While traveling around Japan, I’ve noticed differences in people’s behavior, language, food, and modes of transportation. People in Keihanshin seem to be more relaxed and less rushed. There are still a lot of people who are serious and busy, but less than in Tokyo. We also talked about the differing dialects between the two regions. I’ve noticed the accent is a bit lower sounding here, but it’s hard for me to tell.
There are different food specialties in different regions around Japan. One of my classmates asked about the food I ate so far and I talked about Okonomiyaki from Hiroshima. He said I have to try Osakan style, because different regions have different versions of the food. I tried some yesterday in Osaka and watched the different way it was made. Personally, I prefer Hiroshima style, but I will try more to make sure. I’ve also noticed that there are more cars in Keihanshin. There’s been more traffic and we have to take a bus to get to class. We talked in class about how there are more cars in this region compared to Tokyo, but still a good amount of public transportation.
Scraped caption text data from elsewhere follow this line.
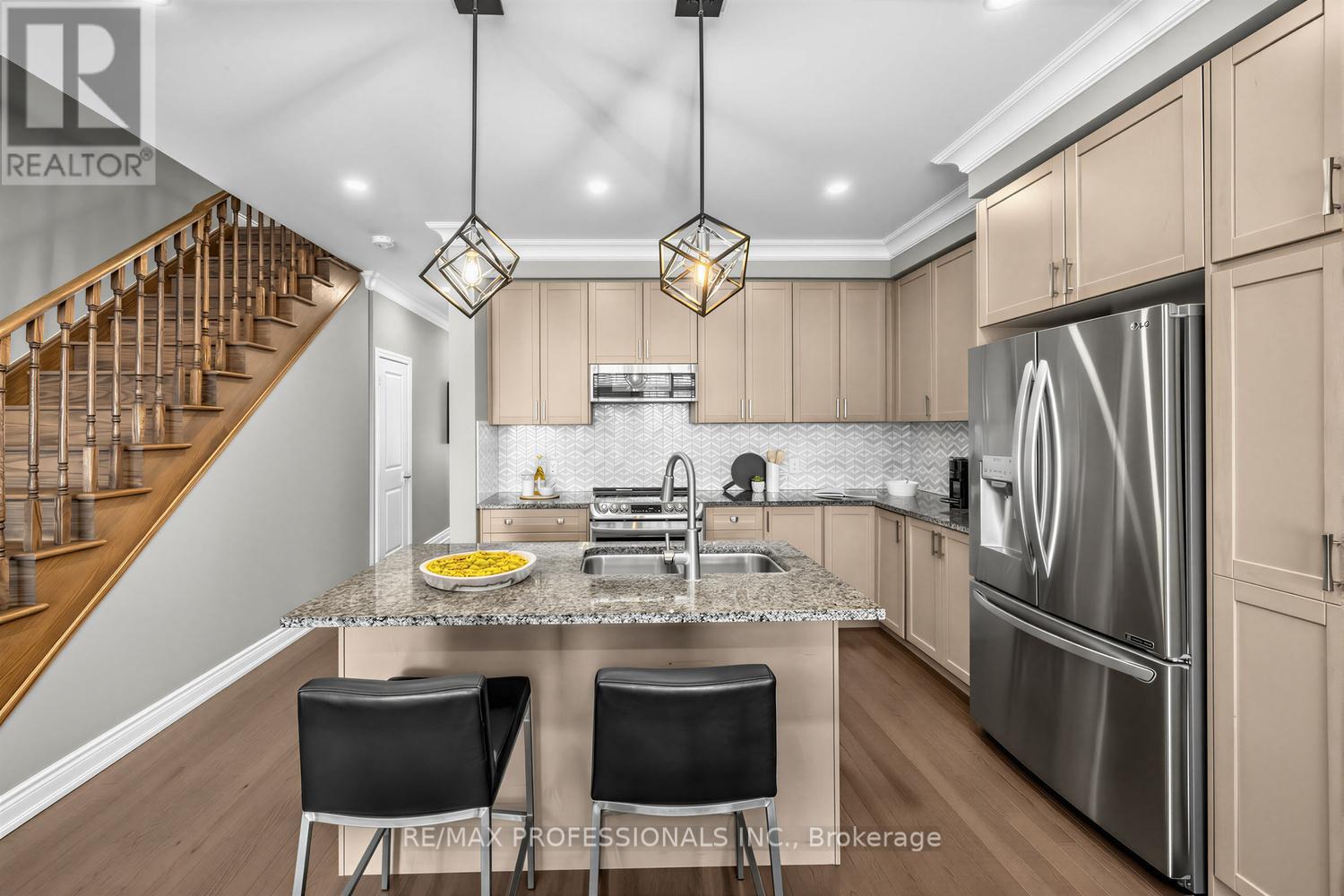 44 Oakmore Lane, Brampton, Ontario  L6Y 6H5 - Photo 14 - W13056372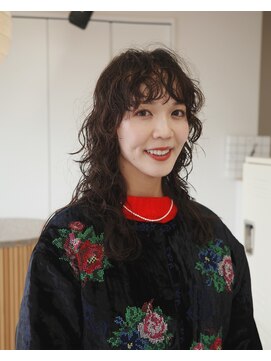 ミディアムウルフパーマ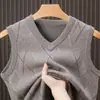 Chaleco de punto para hombre transfronterizo, ropa de negocios casual para hombre, 6% lana, otoño e invierno, color liso, patrón jacquard, cuello en V, suéter sin mangas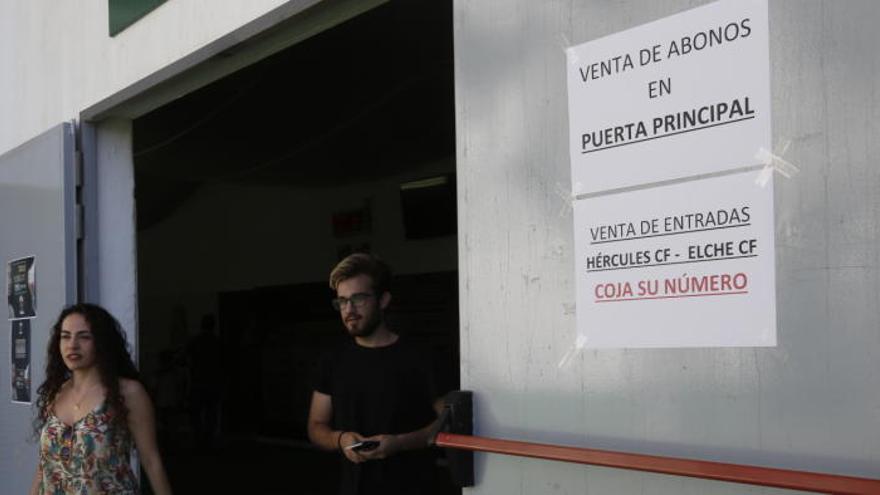 El Elche sigue vendiendo entradas del derbi en el Martínez Valero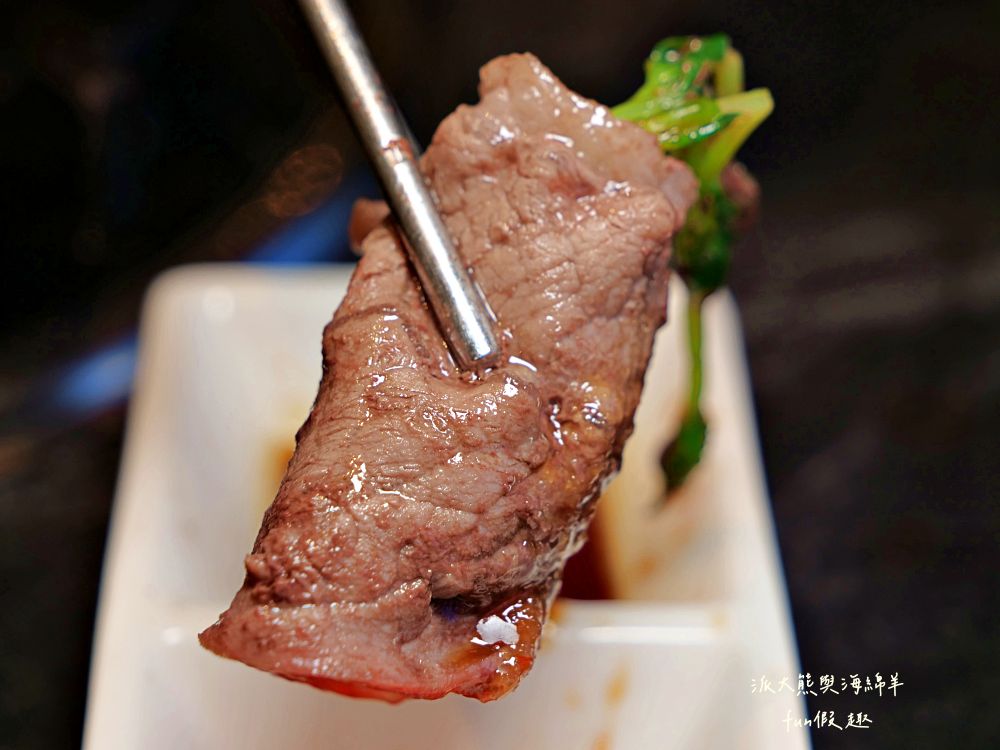 唯真燒肉 南投草屯店｜終於不用跑臺中！挑戰在地最強CP值：雙人套餐肉量直逼1公斤，絕美稻浪x神級泰式烤肉醬x銷魂一饌冬蔭功湯底，免服務費無低消，還有證書的日本A5和牛！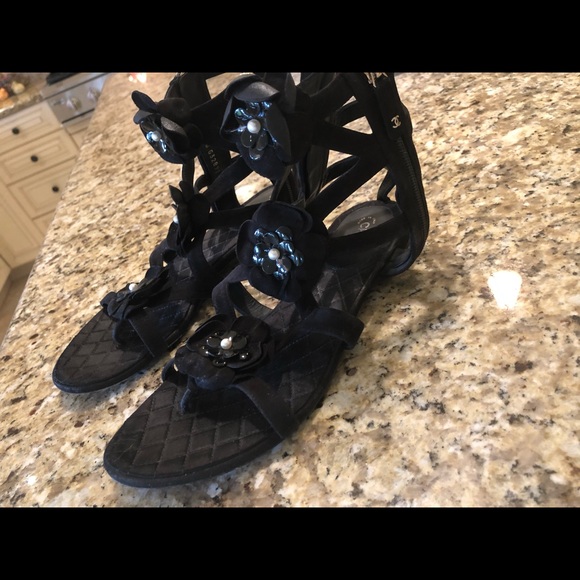 Chanel ankle wrap shoes with pearls and flowers - Picture 4 of 8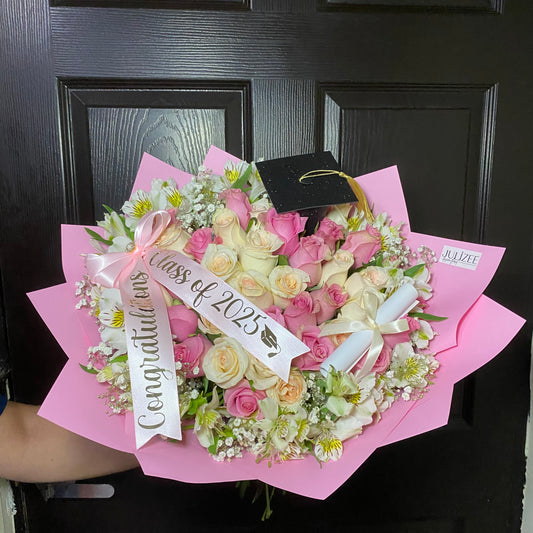 VALERIA - Ramo de Graduación con 48 Rosas y Moño "Class of 2025"
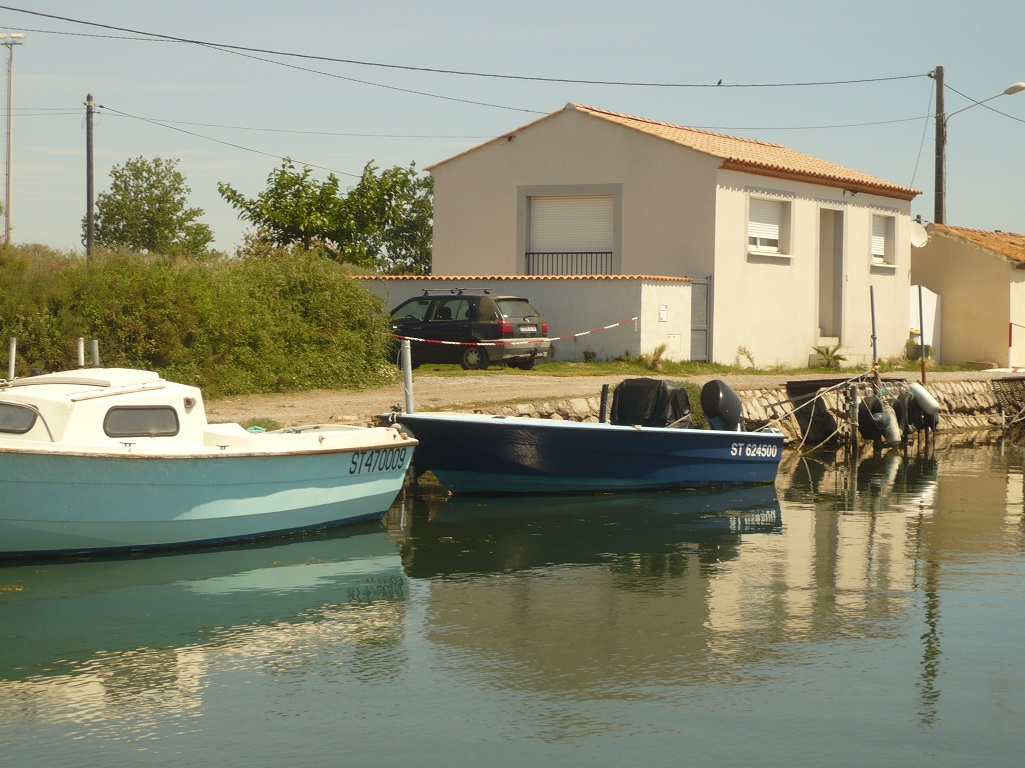 LA PETITE MAISON AU BORD DU CANAL T2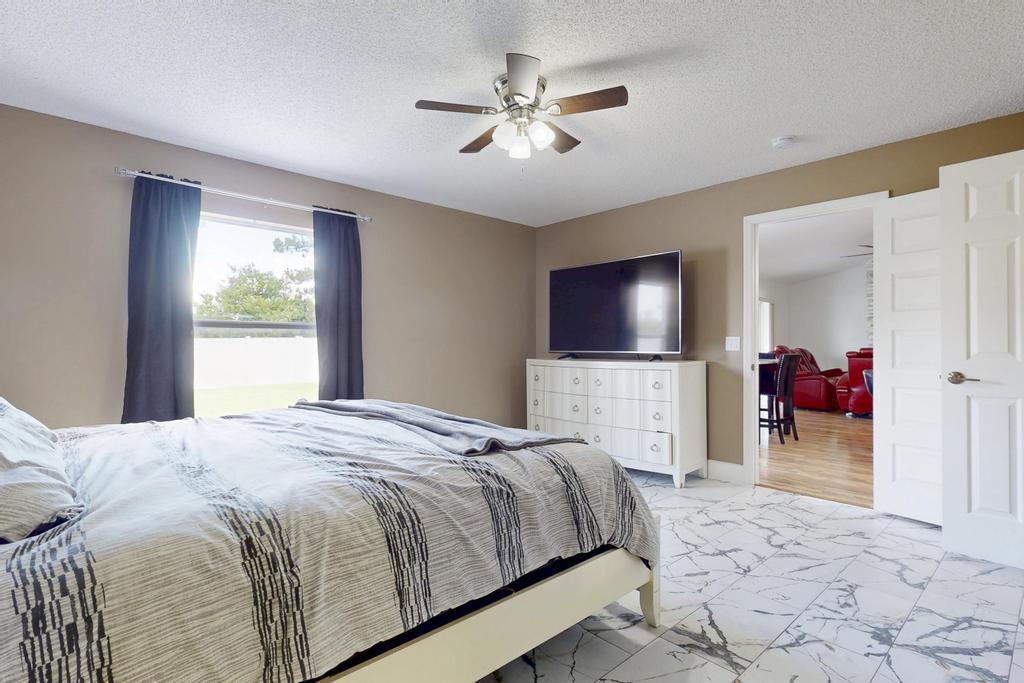 573 Southwest Cherryhill Road Port St. Lucie, FL 34953 - Photo 30 of 63 iPixx_01_24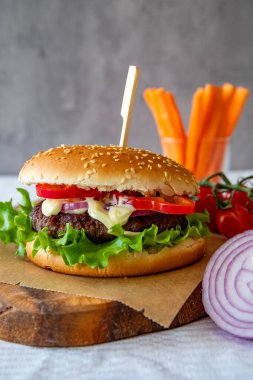 Biftek, domates, soğan, salatalık, salatalık ve havuç soslu nefis ızgara burger. Fotokopi alanı, fast food.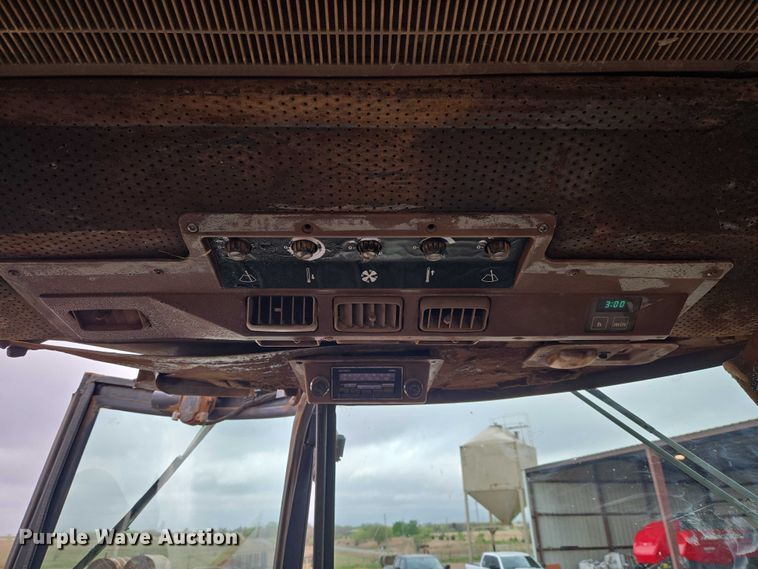 image for item ER1088 1984 John Deere 8650 4WD tractor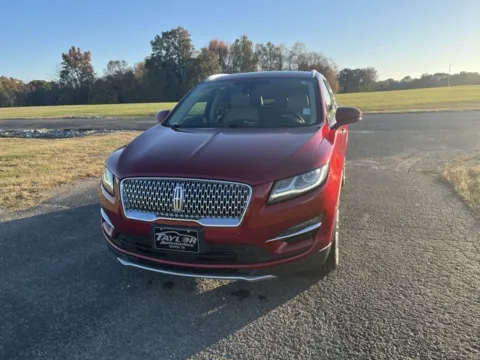 Red 2019 Lincoln MKC Reserve for sale in Martin, TN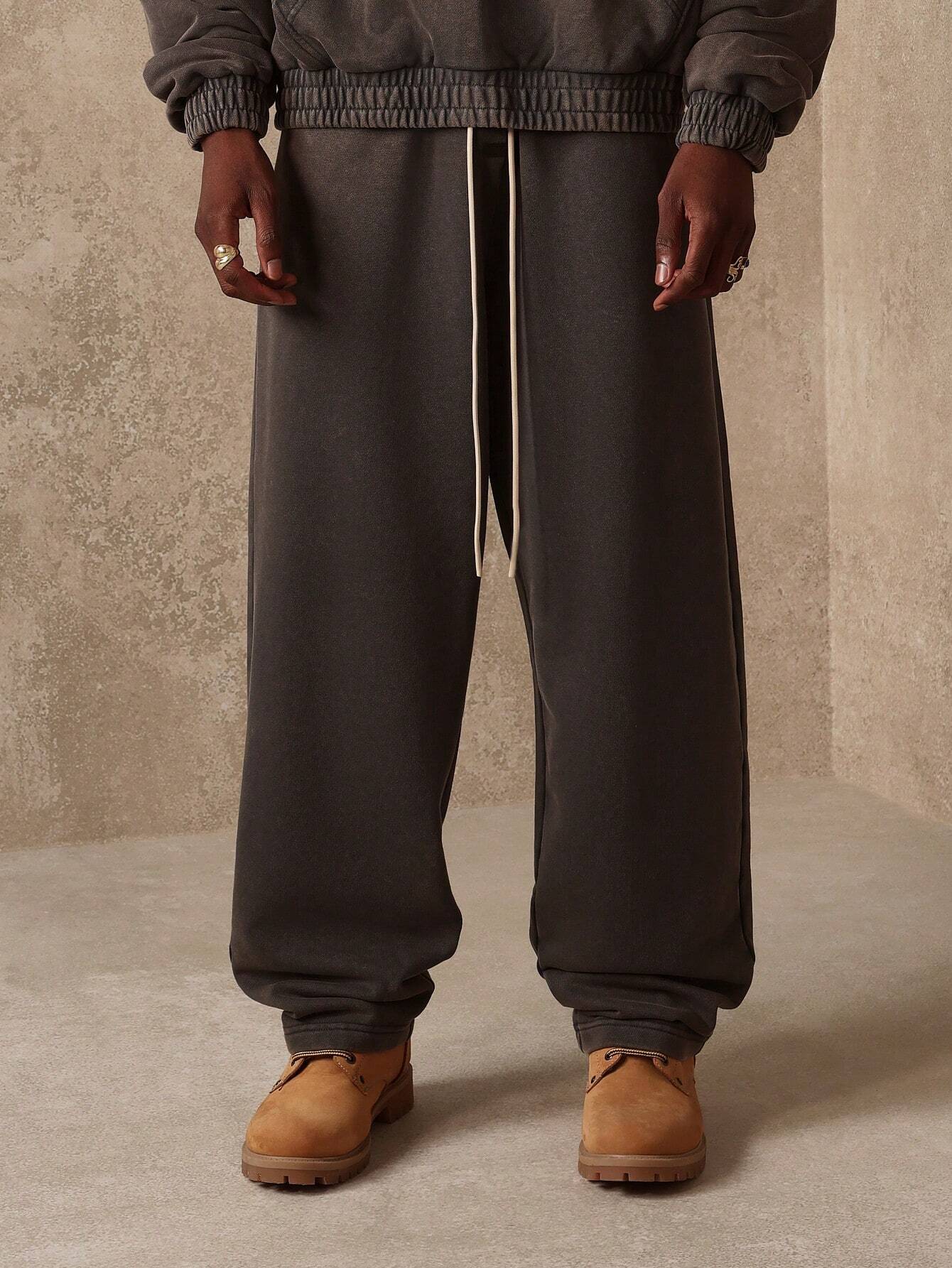 Washed Sweatshirt & Trousers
Japan has regional differences that are more easily defined than regions in the US. People from Keihanshin seem to have an somewhat unified identity, but it’s more difficult to find people in an area like the South with a collective identity. Americans define themselves as American, rather than a Southerner, for example. There are some regional differences in the US, such as accents and behaviors (laid back west coast, polite south, etc.) and some foods (deep dish pizza, pecan pie). Since Americans come from many different backgrounds, they each have their own traditions, but still share common traditions like thanksgiving. People are mixed all around the country and people within a region can be completely different. There are regionalistic similarities but it’s difficult to group these areas together because of the diversity of people living there. Maybe this is true in Japan too, but I haven't noticed it so far.